Cassiopeia: Ben Cassiopeia'yım, Bir Du Couteau'yum! | Bölüm 6



Gözlerinin önündeki manzarayı inkar edercesine yatağından kalktı. Geceliğini sırtına geçirdi ve aynada kendisini izledi. Artık eskisi kadar umutsuz hissetmiyordu. Bedenini bir yılan vücuduyla paylaşıyordu. Vücudunun alt kısmı ona artık yabancı gelmiyordu, hatta bu durum hoşuna bile gitmeye başlamıştı. İnsan... İnsan, yılan olmayı bile kabullenebilirdi, yeter ki buna dayanabilecek bir gücü olsun.


İçinde farklı bir ses yankılanıyordu. "Evet Cassi, sen kesinlikle bir mucizesin!" Kalp atışları artık yeterince hızlı değildi, bedeni soğuktu ama bu söz onun buz gibi bedenini bile yakabilecek güce sahipti. 

O, Noxus İmparatorluğunun ileri gelen ailelerinden birinin önemli bir üyesiydi. O, Du Couteau'ydu, imparatorlara yol gösterenlerdendi. O, seçilmiş kişiydi.

Kardeşi Katarina ve babası General Du Couteau Ionia işgali hazırlıkları için kuvvetlerinin başına çağrılmıştı. Tarikatın bir diğer üyesi olan annesi ile baş başaydı. Seçilmiş kişi olarak Kara Gül için çalışmak onun için bir onurdu. Görev dağdan ağır, güç ateşten sıcaktı.  

Artık birçok şey değişmişti, Kara Gül içerisinde bile sallantılar vardı ama tarikat asla yolundan ayrılamayacak bir ok gibiydi, görev daima bitirilmeliydi.

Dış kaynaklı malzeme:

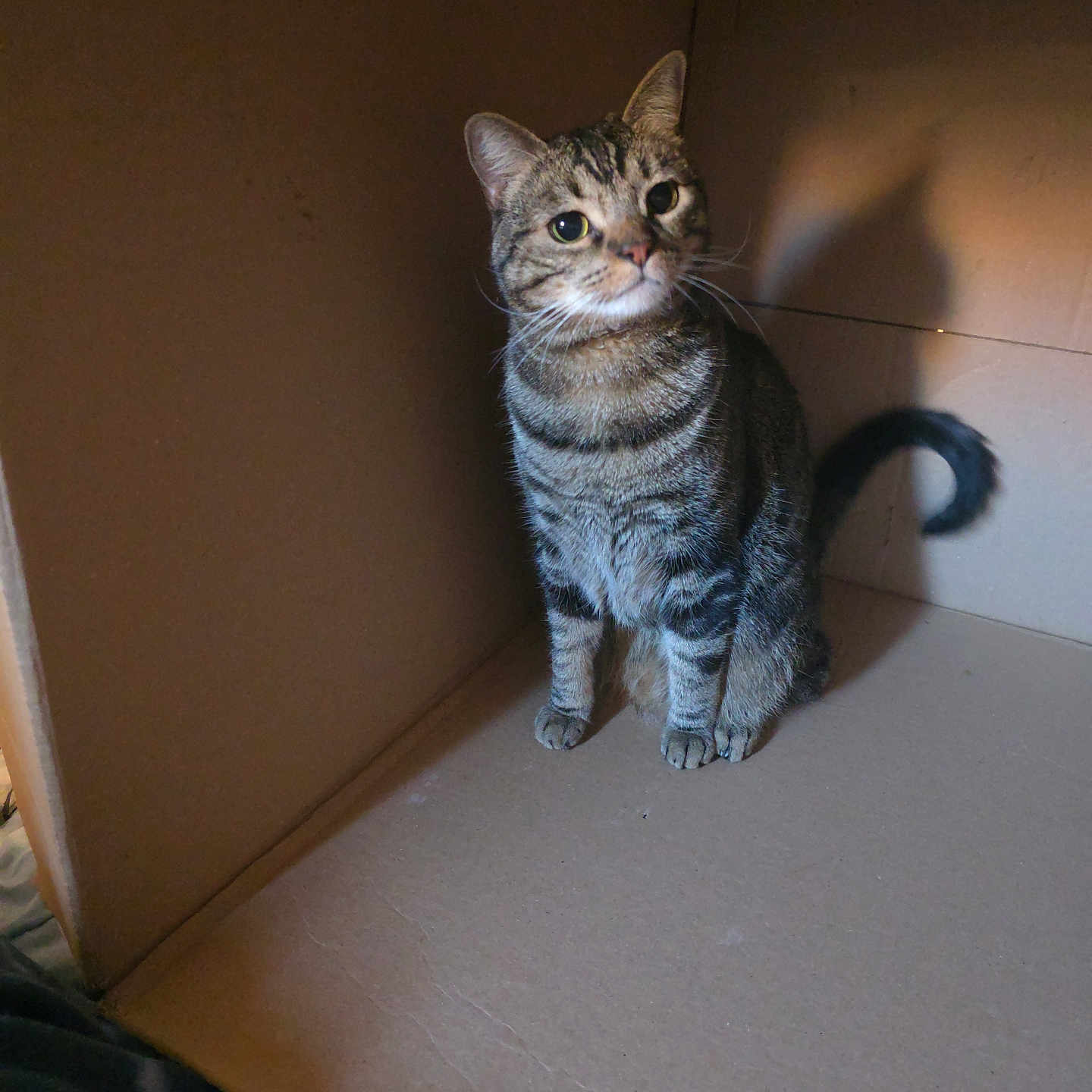 Iris Monica joined the competition — help win amazing prizes! cat, tabby, cardboard_box, animal, pet, feline, curious, sitting, shadow, indoor, whiskers, ears, tail, striped, cute, looking_up, box_corner, fur, domestic_cat, alert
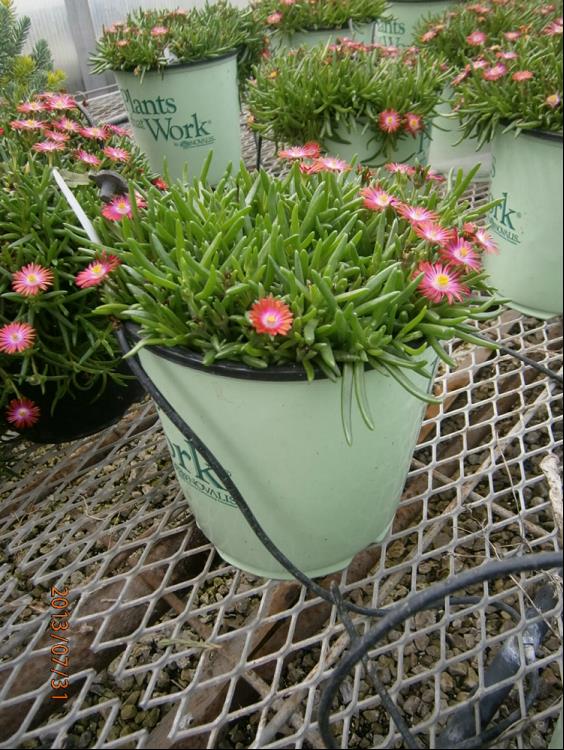 DELOSPERMA P001S.jpg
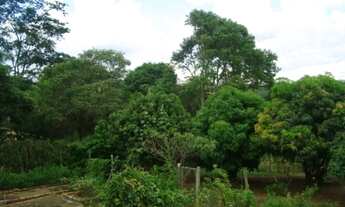 Imagem 3: Sítio em - Fazendinhas Rio Verde - Esmeraldas/MG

Jericho Swain, kuzgunların efendisi, iblisin kovuğu Yüce General Boram Darkwill'i devirmişti. Tarikat yüzyıllardır elinde tuttuğu gücü yitirme tehlikesi altına girmişti. Bu kabul edilemezdi, ya iktidar değiştirilmeli ya da sindirilmesini sağlayacak bir güç bulunmalıydı. İşte o güç Cassiopeia'nın göreviydi. Şimdiyse görevinin başarısızlığını tüm vücudunda hissedebiliyordu. Dişlerinde, saçlarında, ellerinde ve de... Artık bacakları yoktu, artık eski güzelliğinin sadece bir yansımasıydı. Başarısızlık ona hak ettiğinden de fazlasına mal olmuştu. Belki de... Belki de bu bir ceza değildi.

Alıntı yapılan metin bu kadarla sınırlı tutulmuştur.